The Northwest storms send another global warming alert, for they tie in to the single largest regional climate impact, snowpack loss. Climate scenarios project dramatic losses of mountain snowpack, ranging above 50 percent by mid-century. This will stress municipal water supplies, hydroelectric production, irrigated agriculture, river barging and salmon runs. This is because, even though greater autumn and winter precipitation is projected, more will fall as rain and less as snow.

Sometimes this will erode existing snowpack, as it did this week. The storms were a rain-on-snow event, the source of the greatest Northwest floods -- from the 1948 flooding that destroyed the city of Vanport on the Columbia, to the mid-1990s floods, to this week's inundation.

Climate Solutions reported on regional climate change impacts scenarios in our 1999 paper, "In Hot Water." Unfortunately, the scenarios seem to be increasingly the reality of the local news. Climate change is moving far faster than human systems, especially our political system. We move slowly to respond even as we are swamped by the consequences of our climate pollution.

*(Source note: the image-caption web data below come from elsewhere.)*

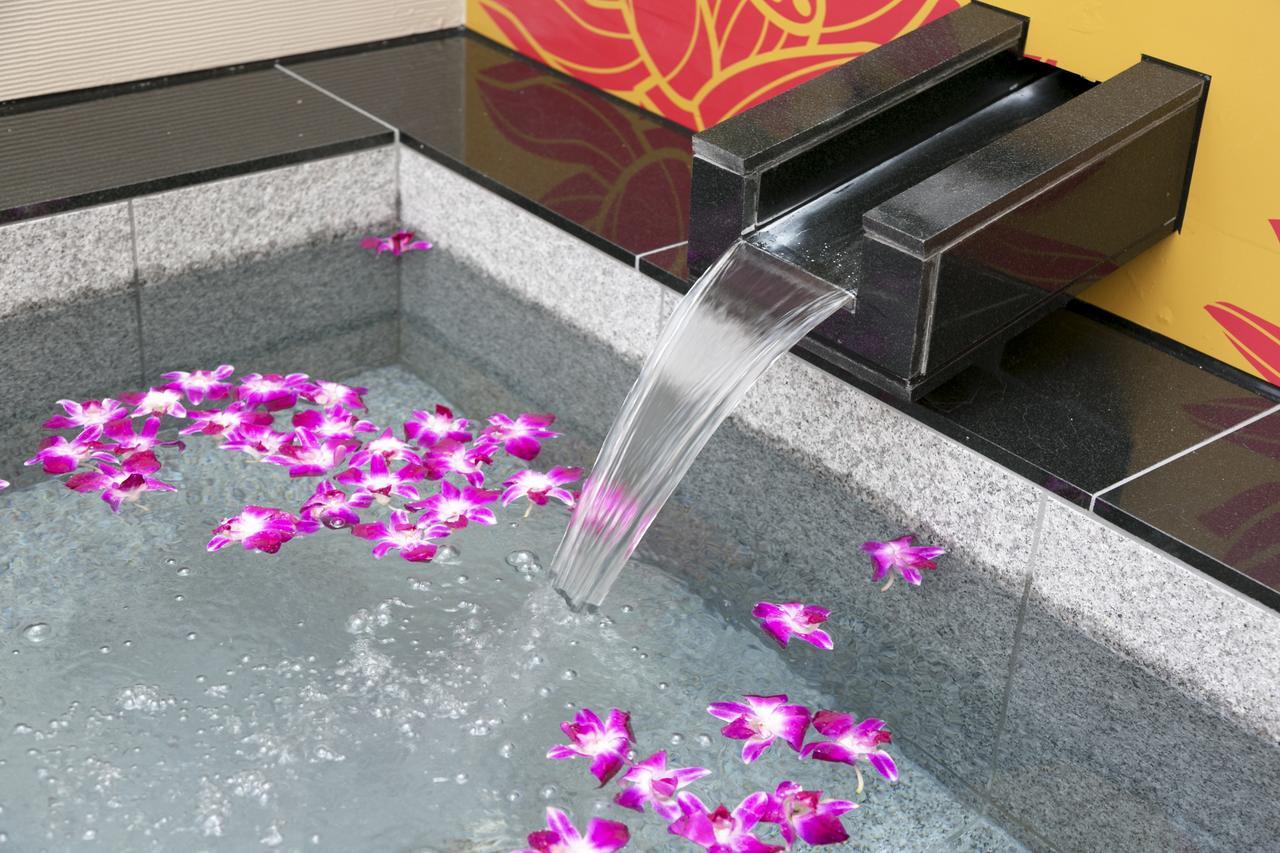 Hotel Lotus Kobe (Adults Only) Extérieur photo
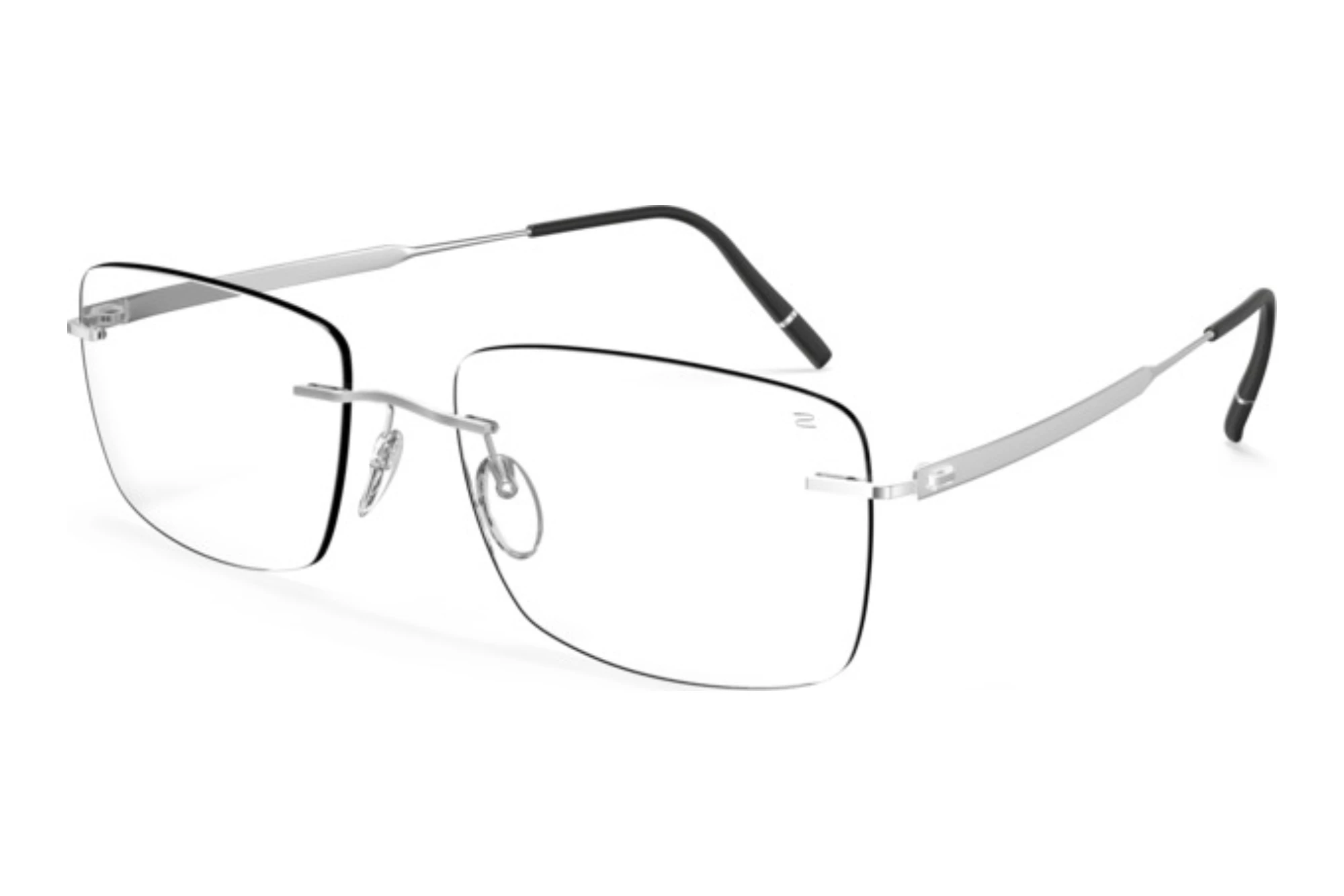 Silhouette 5603-GH 7001 silver Silhouette 5603-GH 7001 silver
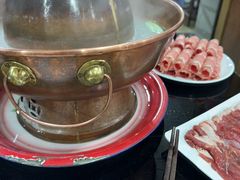 -来顺成饭庄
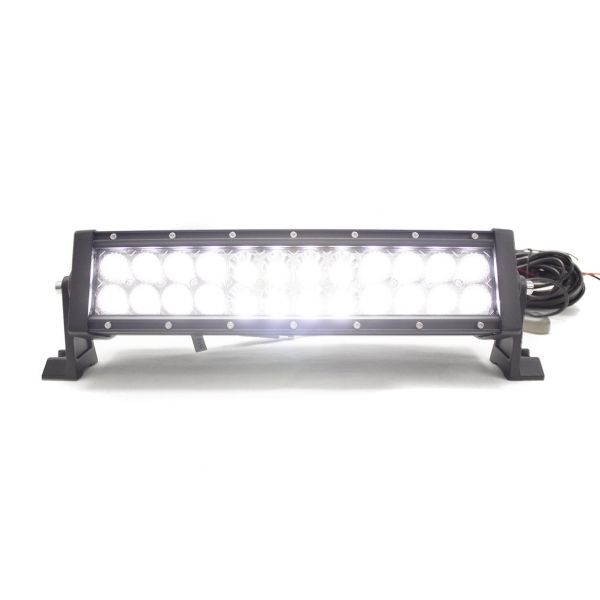 Street Series 14" LED Light Bar (72W/4,680LM) by Race Sport Lighting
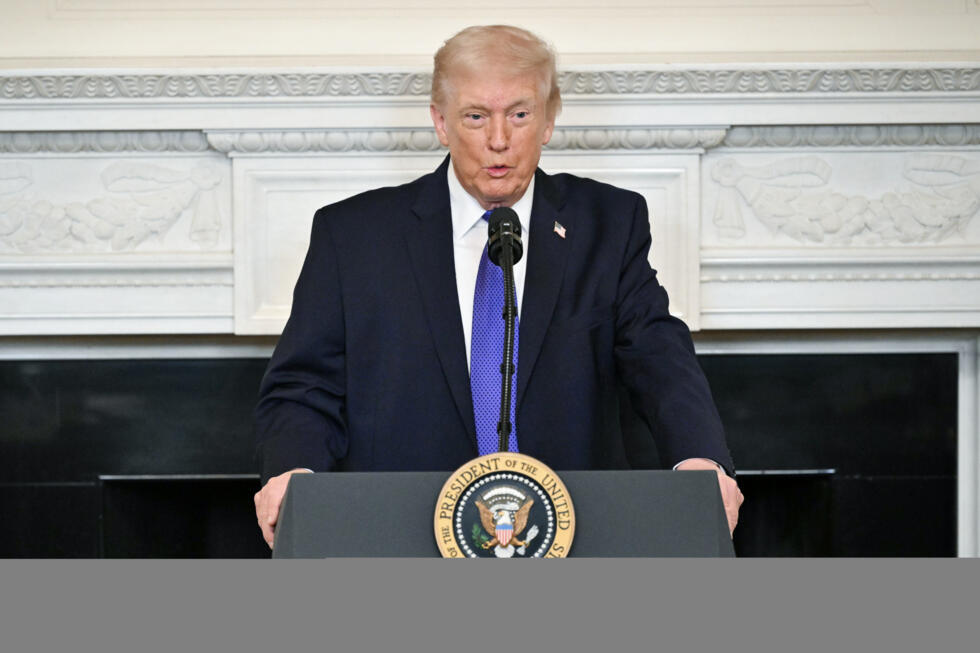 Toujours sous la menace des États-Unis, l'Iran annonce un accord "rapide" sur le nucléaire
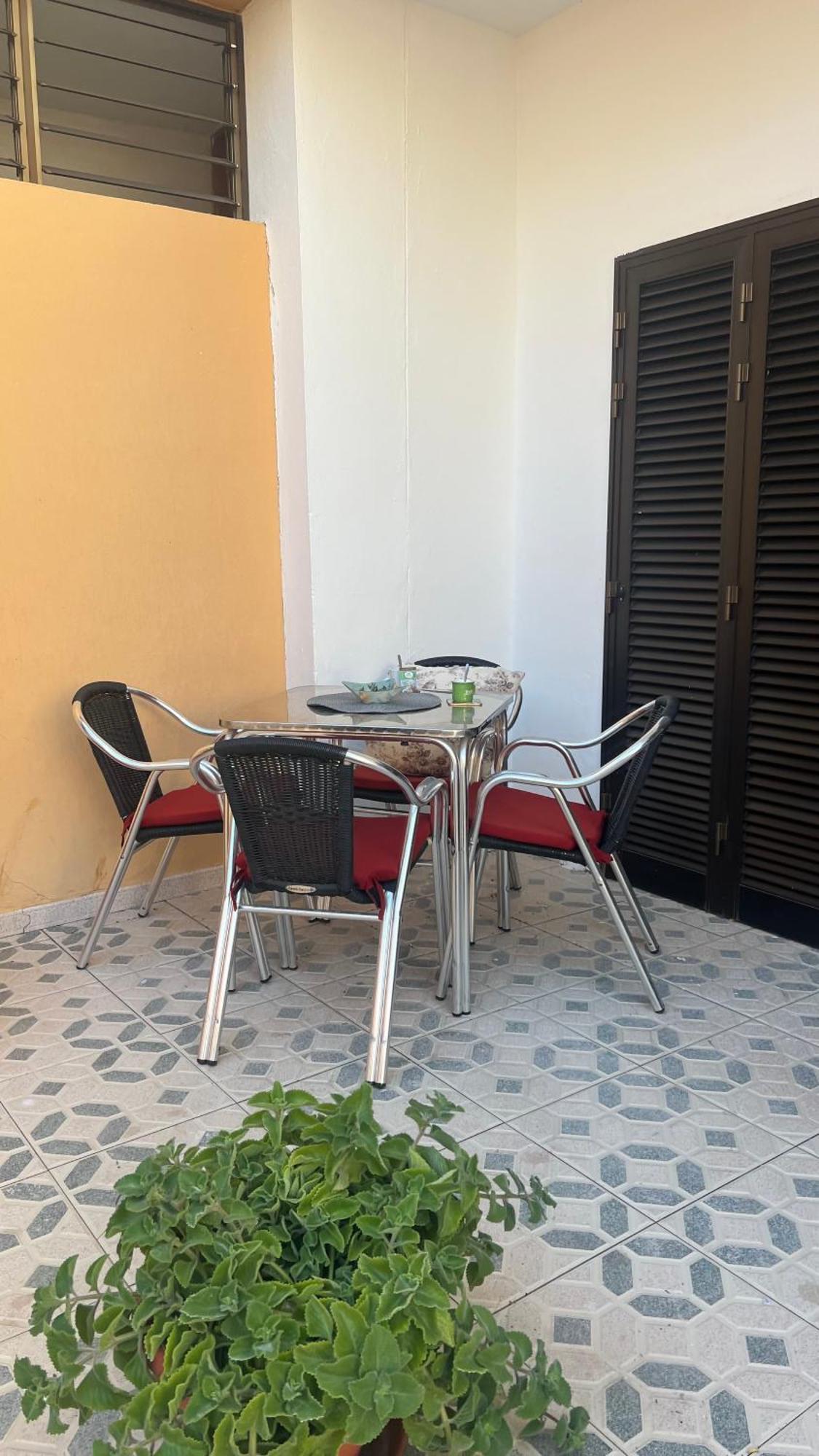 Appartement Home-tenerife Sur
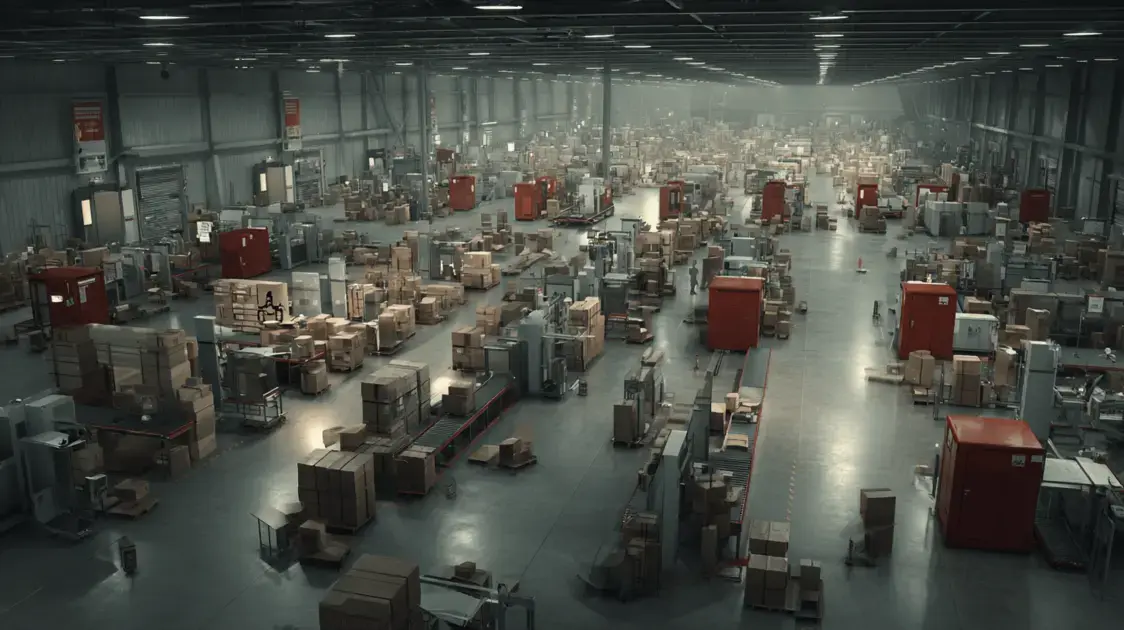 Como organizar fornecedores e equipes para atender pedidos de grande escala em ceias de natal corporativas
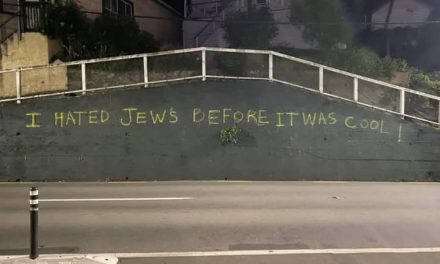 Steep rise in anti-Semitic offences in NZ after October 7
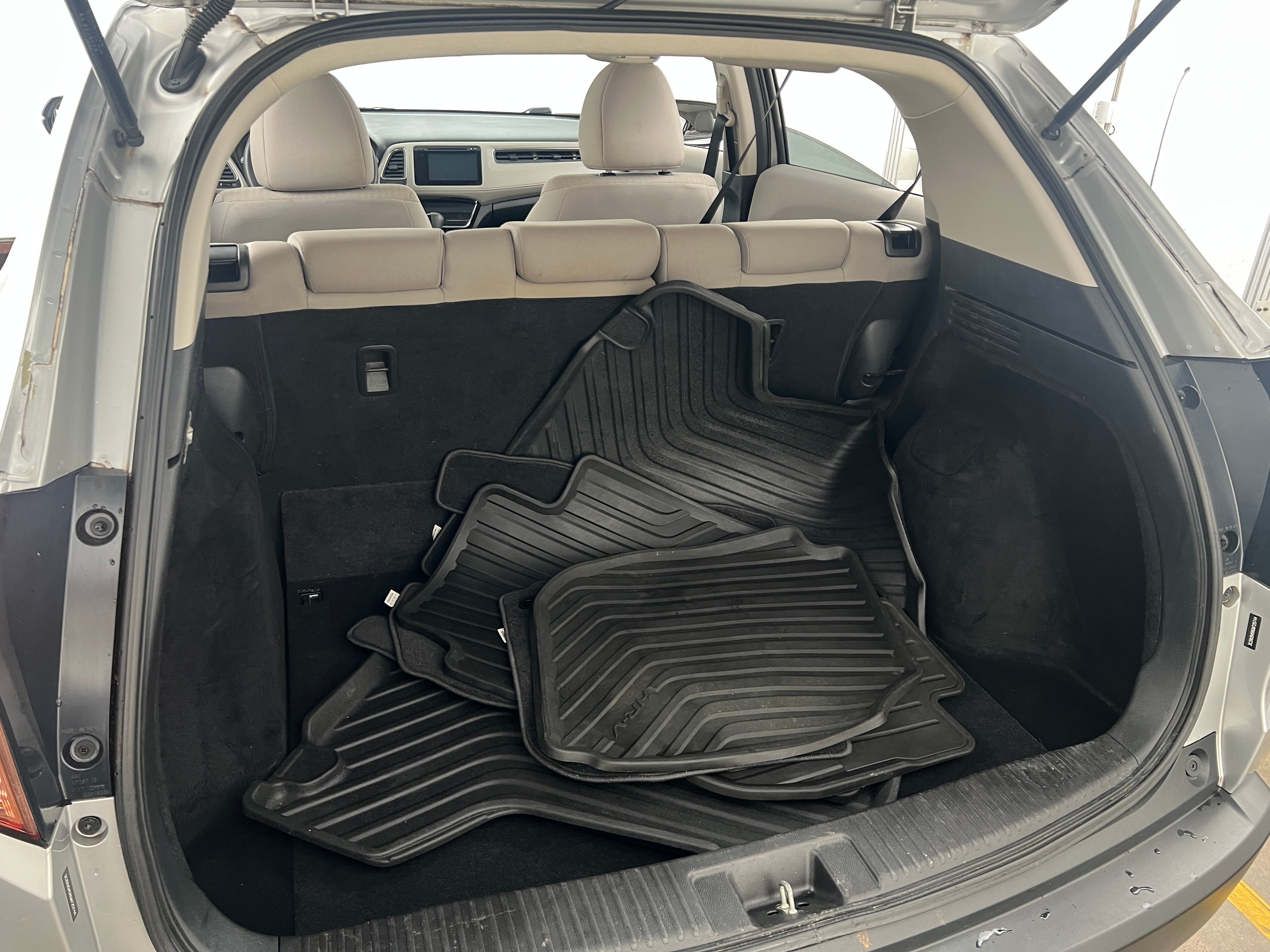 Thumbnail: 2016 Honda HR-V - 7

Flooded communities and a closed freeway underscore that climate disruption translates into economic disruption. Global warming will make a mess of us if we don't deal with it in a serious way now, and that means commencing immediate and deep cuts in fossil fuel pollution. That means now.

Posted from Climate Solutions Journal.

Drainage


Before we start climbing Mount Rainier, I'd say you have to look at the pace of development in the Olympia to Portland belt.   As someone who's done the drive, on occasion, for the last 20 years, the sprawl has spread along the I-5 corridor.   It's natural with the high home prices in Seattle and Olympia and with broadband services expanding.

So, part is that theres more rain, part is that there's more people.   And of course, there is more asphalt and sidewalk so rain has a harder time running off...and the ground gets saturated.   After the rain in Seattle, I was downtown to go to a business presentation in the Space Needle...you could see the swelling in the streets from all the saturation.

Man vs. Nature

Did development, logging set the stage for disaster?
http://seattletimes.nwsource.com/html/localnews/200406150 ...

In 1996, the worst flood Lewis County had ever known blew through, drowning communities in muddy water high enough to close Interstate 5. Since then, the county has granted more than 100 permits for new development in the floodplain. The cities of Centralia and Chehalis added to the rush.

Big-box stores, restaurants and strip malls galore. A railroad line extension, parking lots for a church. A coal-unloading facility, a new natural-gas pipeline, a mine expansion. And barns, homes, carports and shops. All built in the floodplain.